Manuscript on paper, entitled on the upper wrapper. One full-page manuscript map, in brush & ink, of the eight major roads or provinces of Korea & many tables in the text. 111 numbered folding leaves. Small folio (302 x 215), orig. patterned wrappers (wrappers a little soiled & wormed), stitched as issued. [Korea: 18th or 19th century].
Manuscript gazetteer describing Chosŏn Korea, which was referred to as “the East” (tung) or the “Eastern kingdom” (tungguk) before the 20th century. Our manuscript was written between 1694 (we find that date in the text) and 1895, when the eight provinces shown on the map on leaf 45b were abolished.
The word “gazetteer” is used in reference to a genre of East Asian historical and geographical texts known as (di)fang zhi in China and ŭpchi, both translating roughly to “local treatises.” The now rare word “gazetteer” is used in analogy with a similar genre that existed in British India.

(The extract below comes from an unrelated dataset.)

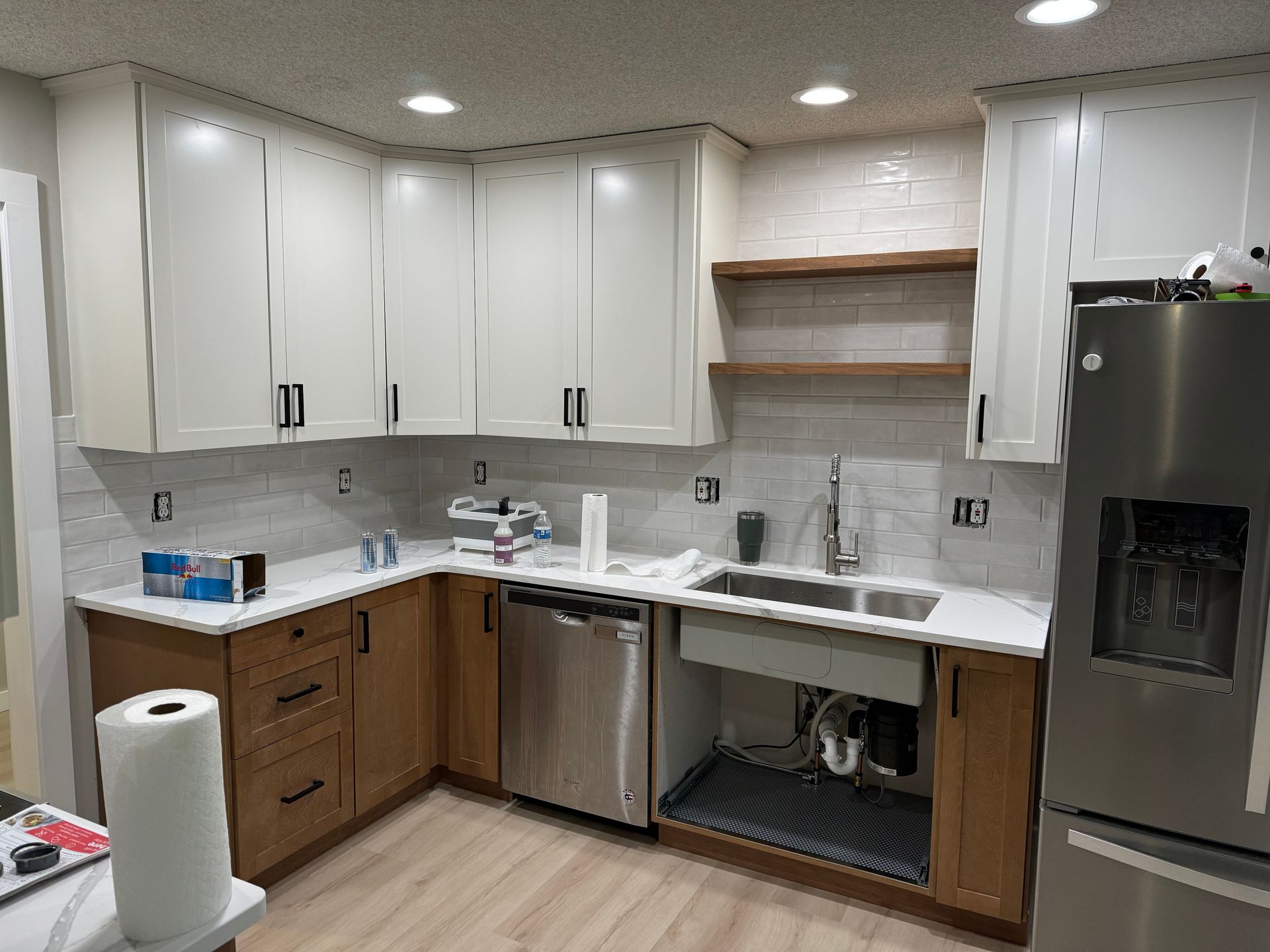 Modern kitchen with white cabinets, wood lower cabinets, stainless steel fridge, and a double sink with open shelving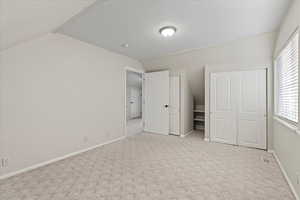 Unfurnished bedroom with light carpet, lofted ceiling, and a closet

Treatises dedicated to the geography, socio-political makeup, culture, or history of localities exist from early times, but the local gazetteer as we know it largely took shape in China in the Song period (960-1279). In Korea, mentions of treatises covering larger geographical units such as provinces or indeed the whole country are found in medieval sources, but no such books have come down to us. Truly local gazetteers covering smaller jurisdictions date only from the early sixteenth century, with the earliest surviving book dated 1581. In total, 1637 gazetteers are known to have been produced in Korea up until the advent of Japanese colonial rule in 1910. Many of them only ever circulated in manuscript, like our copy. “The Chosŏn period saw a number of privately written works of great distinction. The sirhak scholars of the seventeenth and eighteenth centuries were active in geographical studies and were especially concerned to reconstruct or refine knowledge of the nation’s historical territory and boundaries.”–Gari Ledyard, “Cartography in Korea” in Cartography in the Traditional East and Southeast Asian Societies (ed. by J.B. Harley & David Woodward), Vol. 2, Book 2 (University of Chicago), p. 275.
Our gazetteer is not local, however, but national. The first national gazetteer commissioned by the Chosŏn court was finished in 1530. An update was commissioned in 1757 and finished seven years later. These books, called Yŏji sŭngnam [Easy Geographical Overview] and Yŏji tosŏ [Geographical Maps and Texts], both contained the phrase yŏji, meaning “geography.”
Our text, by contrast, is called ilt’ongji, “unified gazetteer,” a deliberate association to an imperial Chinese textual heritage: the first “unified gazetteer” was compiled in China under Mongol rule in the late 13th century. The later Ming and Qing states continued to commission empire-wide gazetteers that they likewise called “unified gazetteers” (Ch.: yitong zhi).
The fact that it is a manuscript and does not contain a preface suggests that it is either a private work in progress or a selection of material copied from some other book. We cannot find a book with this title elsewhere, however.
The text contains information on the local jurisdictions of Korea, their administrative history, correspondences between these earthly locations and areas of the night sky (the “28 Lunar Mansions,” pun’ya, Ch.: fenye, a topic commonly covered in gazetteers), and distances for overland and maritime routes. Also included are descriptions of waterways and canals, the main roads of Korea, and distances between cities and villages,
The boldly drawn full-page map on 45b depicts the “eight major roads” or “eight major provinces” of Korea. Also shown are Jindo, Jeju, Tsushima, and Japan.
In very good condition.
❧ Brook, Timothy, “Native Identity under Alien Rule: Local Gazetteers of the Yuan Dynasty” in Pragmatic Literacy, East and West, 1200-1330 (Woodbridge: Boydell Press, 1997), edited by Richard Britnell, pp. 235-46. Dennis, Joseph R., Writing, Publishing, and Reading Local Gazetteers in Imperial China, 1100-1700 (Cambridge, Mass.: Harvard University Asia Center, 2015). Yamada Masahiro, “Richo jidai (Chŏsen jidai) no chihoshi — yushi — ni tsuite” [“On the Local Gazetteers of the Yi Period [Chosŏn period], the ŭpchi”] in Chirigaku hokoku, Vol. 83 (1996), pp. 1-17.